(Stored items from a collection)
····················

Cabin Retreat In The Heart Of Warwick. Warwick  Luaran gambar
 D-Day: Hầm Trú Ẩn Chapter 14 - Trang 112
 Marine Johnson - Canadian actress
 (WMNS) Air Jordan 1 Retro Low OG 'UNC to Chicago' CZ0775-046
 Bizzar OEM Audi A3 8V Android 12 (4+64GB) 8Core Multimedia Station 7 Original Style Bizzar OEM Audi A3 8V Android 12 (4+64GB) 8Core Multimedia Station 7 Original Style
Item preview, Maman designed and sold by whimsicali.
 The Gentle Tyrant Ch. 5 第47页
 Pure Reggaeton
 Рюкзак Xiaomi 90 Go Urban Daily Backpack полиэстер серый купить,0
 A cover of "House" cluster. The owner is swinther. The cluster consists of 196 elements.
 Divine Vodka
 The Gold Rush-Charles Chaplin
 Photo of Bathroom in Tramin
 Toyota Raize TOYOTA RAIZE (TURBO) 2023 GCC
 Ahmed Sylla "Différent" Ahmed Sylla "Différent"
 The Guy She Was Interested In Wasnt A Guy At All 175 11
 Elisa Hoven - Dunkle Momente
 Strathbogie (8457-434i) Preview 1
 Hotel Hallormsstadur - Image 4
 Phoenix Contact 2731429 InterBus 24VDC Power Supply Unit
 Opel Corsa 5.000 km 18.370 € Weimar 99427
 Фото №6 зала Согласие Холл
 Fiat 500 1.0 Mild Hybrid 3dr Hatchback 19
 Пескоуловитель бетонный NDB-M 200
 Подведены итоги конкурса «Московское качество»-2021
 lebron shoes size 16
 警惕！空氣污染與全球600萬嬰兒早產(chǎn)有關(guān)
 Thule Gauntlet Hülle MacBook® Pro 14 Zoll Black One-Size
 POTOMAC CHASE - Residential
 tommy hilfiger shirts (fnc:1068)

····················

* [What you should do] Reproduce each entry from the records above, character for character.

* [Answer section]
Cabin Retreat In The Heart Of Warwick. Warwick  Luaran gambar
 D-Day: Hầm Trú Ẩn Chapter 14 - Trang 112
 Marine Johnson - Canadian actress
 (WMNS) Air Jordan 1 Retro Low OG 'UNC to Chicago' CZ0775-046
 Bizzar OEM Audi A3 8V Android 12 (4+64GB) 8Core Multimedia Station 7 Original Style Bizzar OEM Audi A3 8V Android 12 (4+64GB) 8Core Multimedia Station 7 Original Style
Item preview, Maman designed and sold by whimsicali.
 The Gentle Tyrant Ch. 5 第47页
 Pure Reggaeton
 Рюкзак Xiaomi 90 Go Urban Daily Backpack полиэстер серый купить,0
 A cover of "House" cluster. The owner is swinther. The cluster consists of 196 elements.
 Divine Vodka
 The Gold Rush-Charles Chaplin
 Photo of Bathroom in Tramin
 Toyota Raize TOYOTA RAIZE (TURBO) 2023 GCC
 Ahmed Sylla "Différent" Ahmed Sylla "Différent"
 The Guy She Was Interested In Wasnt A Guy At All 175 11
 Elisa Hoven - Dunkle Momente
 Strathbogie (8457-434i) Preview 1
 Hotel Hallormsstadur - Image 4
 Phoenix Contact 2731429 InterBus 24VDC Power Supply Unit
 Opel Corsa 5.000 km 18.370 € Weimar 99427
 Фото №6 зала Согласие Холл
 Fiat 500 1.0 Mild Hybrid 3dr Hatchback 19
 Пескоуловитель бетонный NDB-M 200
 Подведены итоги конкурса «Московское качество»-2021
 lebron shoes size 16
 警惕！空氣污染與全球600萬嬰兒早產(chǎn)有關(guān)
 Thule Gauntlet Hülle MacBook® Pro 14 Zoll Black One-Size
 POTOMAC CHASE - Residential
 tommy hilfiger shirts (fnc:1068)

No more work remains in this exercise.